Le accuse (ritardate) di Beppe Grillo
Ho seguito Beppe Grillo nella sua (incredibile) carriera. Credo di aver raccontato i suoi pregi e i suoi difetti.
Ma l'ho fatto in tempo reale, al momento opportuno.
Le bombe a scoppio ritardato non mi piacciono. E quindi non condivido le sparate che fa oggi Lello Liguori, a tanti anni di distanza. Lello, il mitico Lello, è stato un grande manager, un organizzatore di spettacoli. Aveva lanciato lui il Covo di Nord Est di Santa Margherita. Aveva creato un gemellaggio con la Bussola di Focette, il regno dell'altrettanto mitico Sergio Bernardini.
Il Covo richiamava a Santa i vip della Milano da bere. Il Covo era il locale alla moda. Onore a Lello, quindi.
Da qualche decennio (il tempo passa) Liguori è uscito di scena. Torna alla ribalta con le periodiche sparate contro Beppe Grillo, che sicuramente aveva contribuito a lanciare. Tre anni fa aveva raccontato a Renato Tortarolo, che l'aveva pubblicato sul "Secolo XIX", che quello stesso Grillo che ora fa il moralista e vorrebbe cambiare l'Italia, negli anni '80 amava farsi pagare soprattutto in nero. Ora, alla vigilia delle Elezioni Europee, l'ha ripetuto a Stefano Filippi de "Il Giornale" di Berlusconi. Ha raccontato che il comico genovese aveva un cachet di 70 milioni a serata, ma ne fatturava solo 10. Gli altri 60 erano in nero. Ha fatto un po' di calcoli: Grillo in quel periodo si è intascato 3 miliardi in nero.
In quegli anni facevo anche il cronista mondano, al Covo ero di casa. C'ero anche una sera in cui il manager di Grillo, il celebre "Cencio" Marangoni, era venuto ad accordarsi per uno spettacolo del suo assistito. Lello era furibondo. Mi raccontò delle pretese del comico, le cifre non collimano con quelle che dice adesso. E francamente solo 10 milioni su un contratto di 70 mi sembrano esagerate. Mi disse che il cachet era di 80 milioni. E che il comico, tramite il suo manager, ne pretendeva 50 in nero al momento del contratto, gli altri 30, regolari, li avrebbe presi in occasione della serata, dopo l'esibizione. Era furibondo, anche perché aveva il problema di far uscire 50 milioni in nero. Mi disse che era una cosa scandalosa, non si poteva più lavorare. Bisognava far cessare l'andazzo.

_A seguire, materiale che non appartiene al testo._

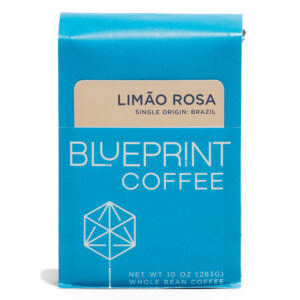 A blue 10-ounce bag of Limão Rosa coffee beans featuring the Blueprint Coffee Logo and a light tan removable info card.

All'epoca lavoravo a "Oggi". Telefonai dal Covo al direttore Willy Molco. Mi autorizzò a far scoppiare lo scandalo. Dovevo naturalmente portare le prove. Con Lello avremmo dovuto rivederci il giorno dopo, per avere la documentazione segreta. Ma la notte gli aveva portato consiglio: "Elio, meglio non scrivere nulla. Anche perché nel mondo dello spettacolo Grillo non è il solo a pretendere soldi sottobanco. Se denuncio l'andazzo, poi non lavoro più".
Ecco: avrei preferito che il mio amico Lello Liguori, per moralizzare l'ambiente, parlasse allora. Avrebbe anche potuto raccontare perché Grillo aveva quel manager. E a chi quel manager doveva versare il 20% dei guadagni di Grillo. Parlare adesso, dopo tanti anni e alla vigilia delle elezioni, non è bello. Non fa parte di quello stile-Liguori che avevo sempre apprezzato al Covo di Nord Est.